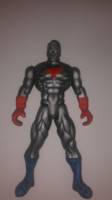 Captain Atom (Total Justice) Custom Action Figure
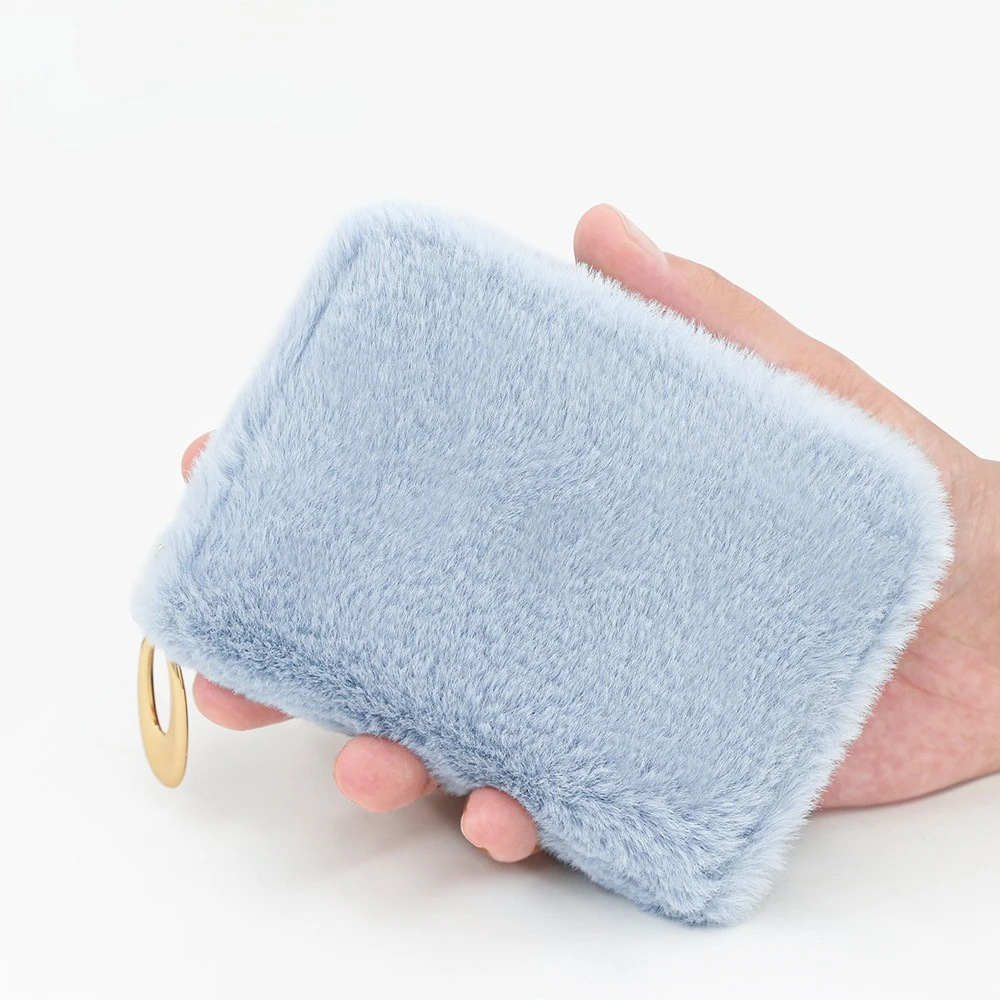 الصلبة مربع عملة محفظة المرأة محفظة صغيرة الحلوى الملونة المرأة محفظة نسائية للعملات المعدنية حامل الهوية حقيبة أنيقة حامل بطاقة المرأة البسيطة #1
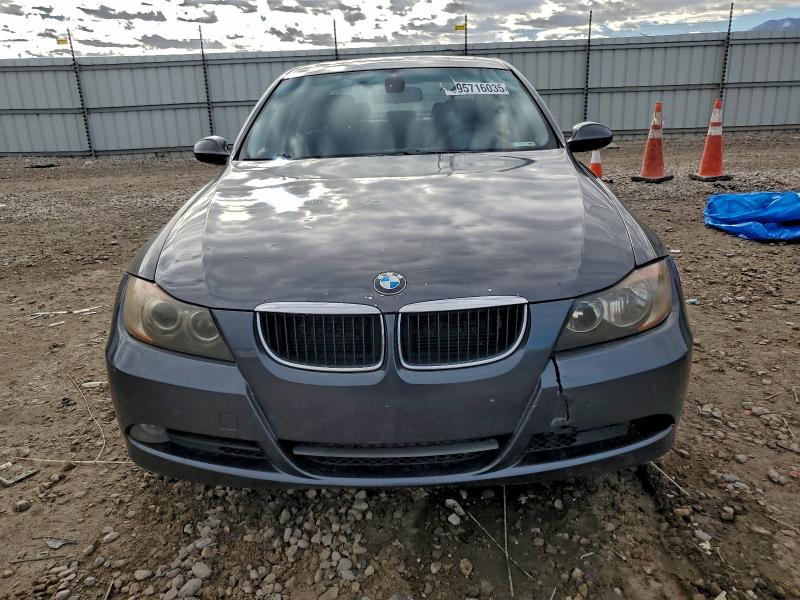 Photo 5 from auction – 2007 BMW 328 I with VIN WBAVA33507PG53408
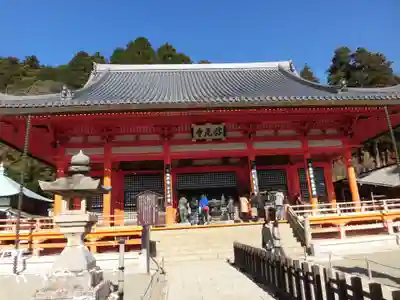 勝尾寺の本殿・本堂
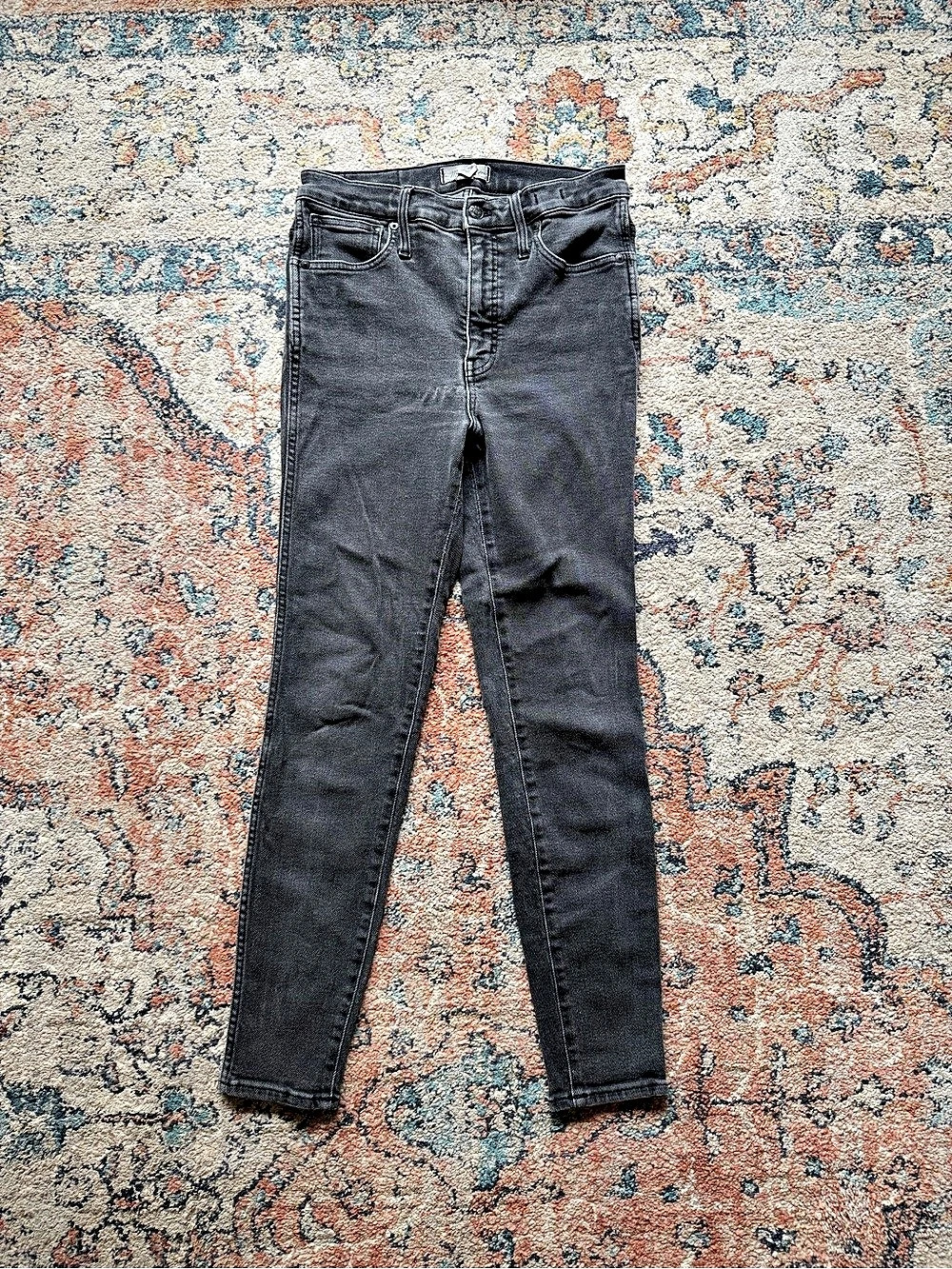 Madewell 10” high rise Skinny Jeans in Gray Waist 30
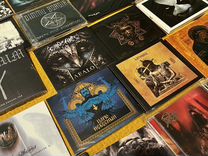 Лицензионные CD диски тяжелой музыки новые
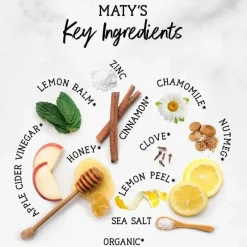 Matys Organic|Cough & Cold*Maty's - Organic Children's Goodnight Cough Syrup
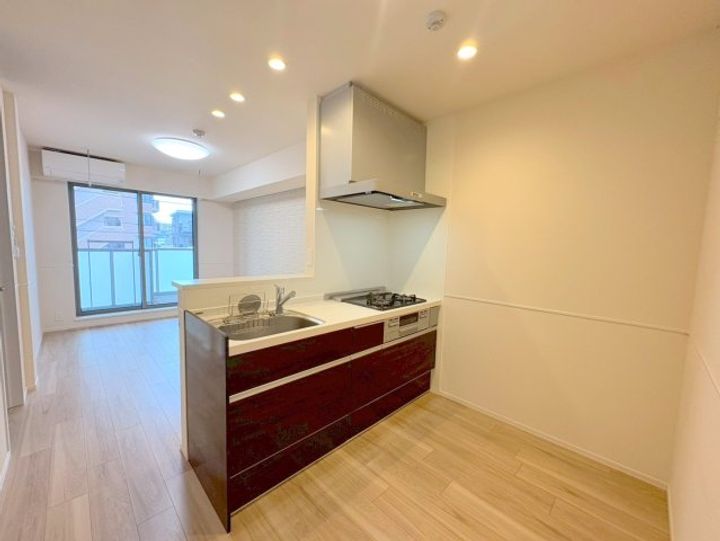 Wisteria Nishiaraiのキッチン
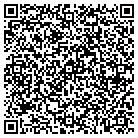QR code with K H Kim's Tae Kwon DO Inst contacts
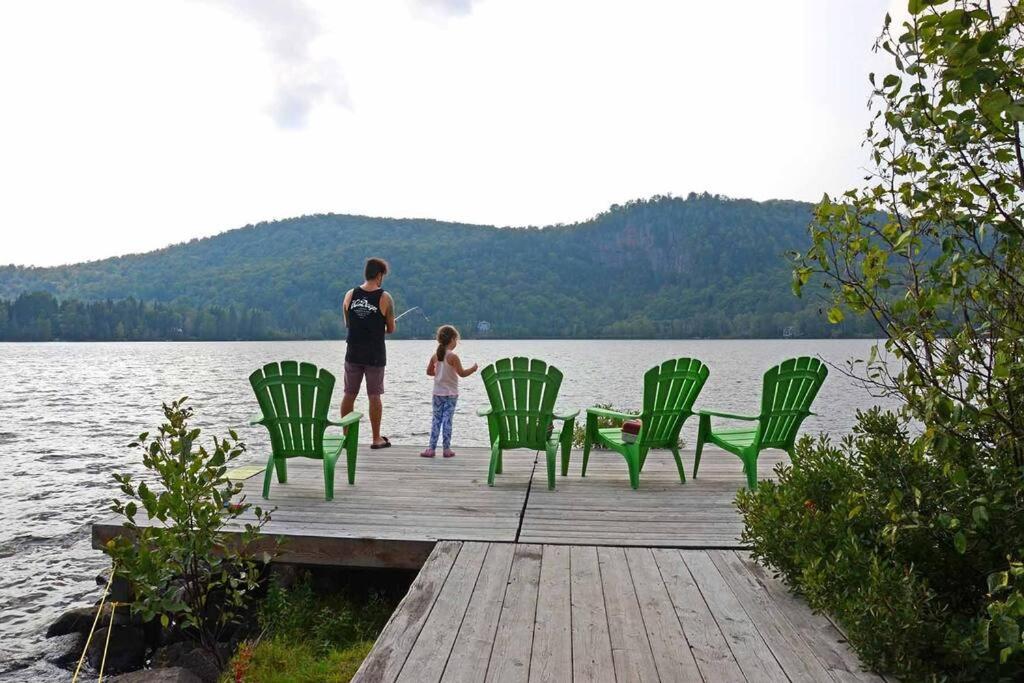 Deluxe Suite-Sur-Lac Superieur - Tremblant Versant Nord מראה חיצוני תמונה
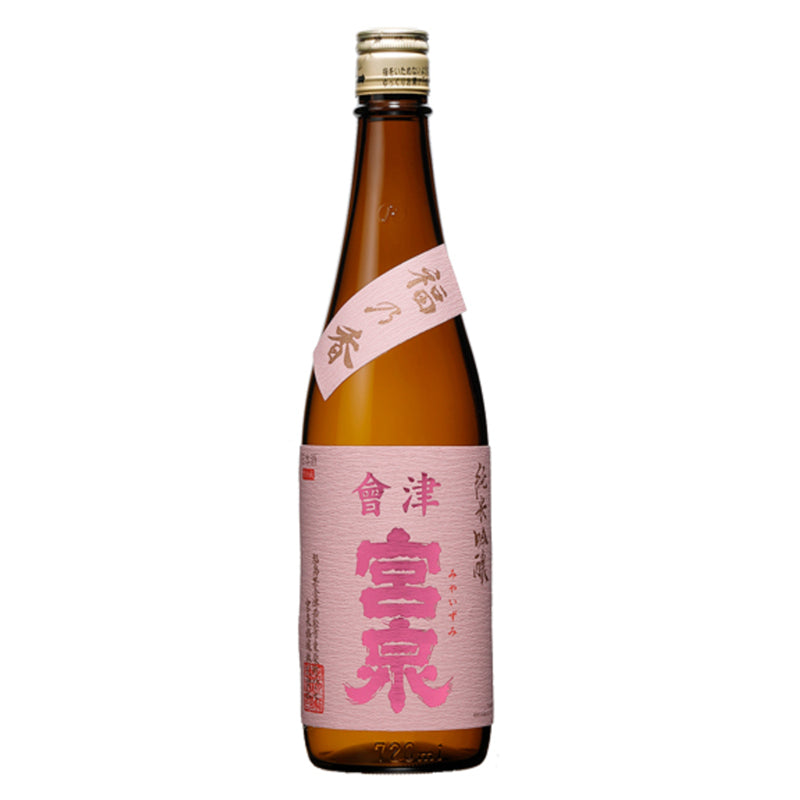 會津宮泉 純米吟醸 福乃香 720ml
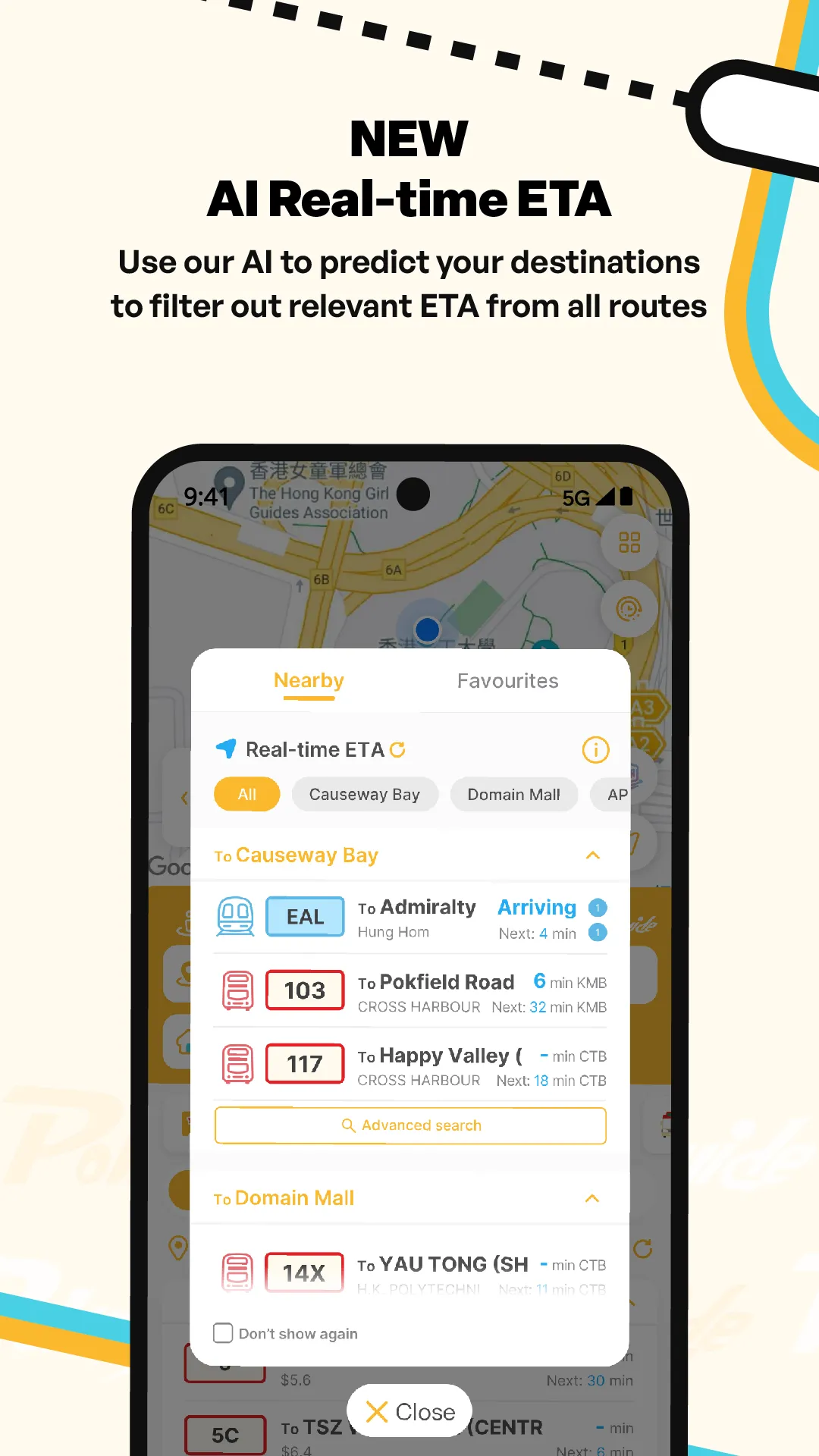 Pokeguide Transportation App | Indus Appstore | Screenshot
________________
EXERCISE GOAL ->
Once the pictures are set aside, give the rest of the listing again exactly.

ANSWER TO THE EXERCISE ->
 Captain Atom (Total Justice) Custom Action Figure
 الصلبة مربع عملة محفظة المرأة محفظة صغيرة الحلوى الملونة المرأة محفظة نسائية للعملات المعدنية حامل الهوية حقيبة أنيقة حامل بطاقة المرأة البسيطة #1
 Photo 5 from auction – 2007 BMW 328 I with VIN WBAVA33507PG53408
 勝尾寺の本殿・本堂
 Madewell 10” high rise Skinny Jeans in Gray Waist 30
 Лицензионные CD диски тяжелой музыки новые
 Matys Organic|Cough & Cold*Maty's - Organic Children's Goodnight Cough Syrup
 Wisteria Nishiaraiのキッチン
QR code with K H Kim's Tae Kwon DO Inst contacts
 Deluxe Suite-Sur-Lac Superieur - Tremblant Versant Nord מראה חיצוני תמונה
 會津宮泉 純米吟醸 福乃香 720ml
 Pokeguide Transportation App | Indus Appstore | Screenshot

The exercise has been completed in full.